On Jun 17, 2026

How to use AI to anticipate content performance before publishing

Artificial intelligence has rapidly become a key tool in communication and marketing roles. Today, it is widely used to generate ideas, write content, or speed up editorial production. However, one of its most powerful applications remains largely underused: its ability to anticipate content performance before publication.

How to use AI to anticipate content performance before publishing

In most organisations, editorial decisions are still based on intuition or experience. The challenge today is to move from a production-driven logic to a content performance management approach, where AI applied to communication becomes a true decision-support tool.

Why content is still too often published “on intuition”

An editorial strategy that is still highly intuitive

Despite the increasing professionalism of communication teams, a large share of decisions in communication strategy is still driven by intuition. Topics are chosen because they seem relevant, because they previously worked, or because they follow current trends. This approach has long been effective, but it is now reaching its limits in an environment where audiences are saturated with content. Brands publish a lot, but are not always able to predict what will truly generate engagement or visibility.

As a result, some successful campaigns are not anticipated, while others—although well designed—fail to reach their audience.

A lack of data used before publication

Communication teams actually have access to a large amount of data: post performance, engagement rates, clicks, user behaviour, and more. However, this data is generally analysed after publication. This significantly limits its impact on initial decision-making. Teams understand what worked, but too late to adjust the strategy beforehand.

This is where AI in digital communication becomes particularly valuable. By quickly analysing large volumes of data, it can identify recurring trends and guide editorial decisions before content is even created.

Decisions based on experience rather than analysis

Experience remains essential in communication roles. It helps teams understand audiences, contexts, and messaging effectiveness. However, it can also introduce bias. Some decisions are based on perception rather than real data. A topic may seem effective simply because it was memorable, while analytics may tell a different story.

The value of AI and communication is not to replace human expertise, but to complement it. By combining data and intuition, teams can build a more reliable and effective content strategy.

What AI can already predict in a content strategy

Historical performance analysis

AI is particularly powerful when it comes to analysing past content performance. It identifies the formats, topics, and tones that perform best across different audiences. This goes beyond simple reporting and moves toward predictive analysis of content performance.

By connecting multiple variables (format, publication time, message type, audience targeting), AI can reveal patterns that are difficult to detect manually.

Identification of high-performing formats and topics

Beyond historical analysis, AI helps identify the content types most likely to perform based on defined objectives: awareness, engagement, traffic, or conversion. It may highlight, for example, that short-form content performs better on social media, while long-form content delivers stronger SEO results.

This helps refine the editorial strategy and focus production efforts on high-potential content.

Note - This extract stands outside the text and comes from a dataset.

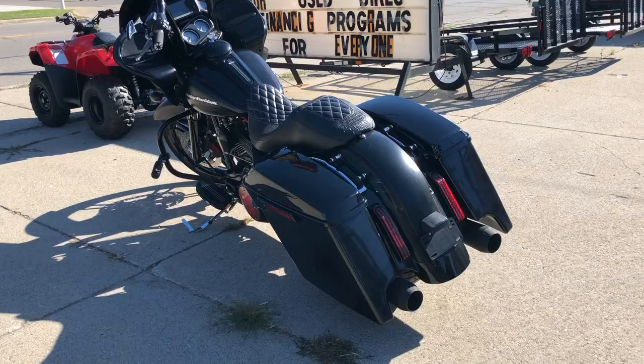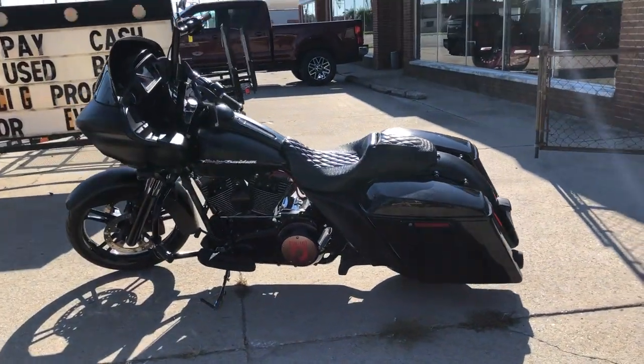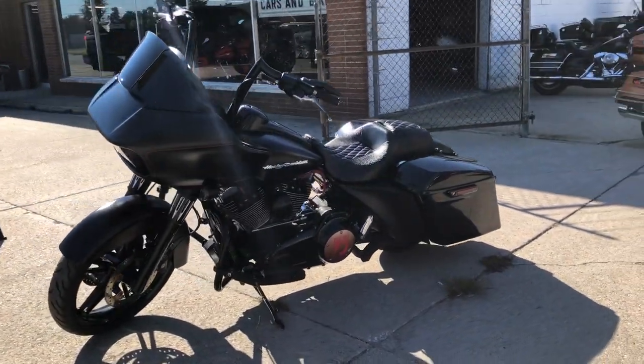21-inch front wheel, it's got the billet front end, billet grips, billet mirrors, oversized LED screen, extended saddlebags, custom seat, daymaker headlight, and more guys.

Detection of weak engagement signals

One of AI’s most valuable capabilities is detecting weak signals: emerging topics, shifts in user behaviour, or evolving audience expectations. These insights help anticipate trends before they become obvious.

In a digital communication context, this represents a major strategic advantage: publishing the right content, at the right time, in the right format.

How to integrate AI into editorial decision-making

Before publication: simulating content potential

One of the most powerful uses of AI is simulating potential content performance before publication. Based on historical data and predictive models, it can estimate expected engagement levels for a topic or format. This helps teams prioritise the most promising content and adjust editorial choices.

This is not about certainty, but about reducing uncertainty in communication strategy.

During creation: adjusting messaging based on data

AI can also support the content creation phase. It helps adjust tone, format, or structure based on expected performance. This improves content quality while preserving the brand’s editorial line and human creativity. The goal is not to replace teams, but to enhance content effectiveness before publication.

After publication: improving future performance

Once content is published, AI plays a key role in analysing results. It helps identify what worked, what didn’t, and most importantly, why. These insights feed future editorial decisions, enabling continuous improvement in content performance.

 

AI and communication should not be seen as a replacement for human strategy, but as a powerful enhancement to decision-making. By enabling teams to anticipate content performance, AI is gradually transforming communication practices: less guesswork, more data-driven decisions, and better prioritisation. In a context where brands must produce more content across more channels, this approach becomes a real performance driver. It paves the way for a more predictive, structured, and effective communication strategy.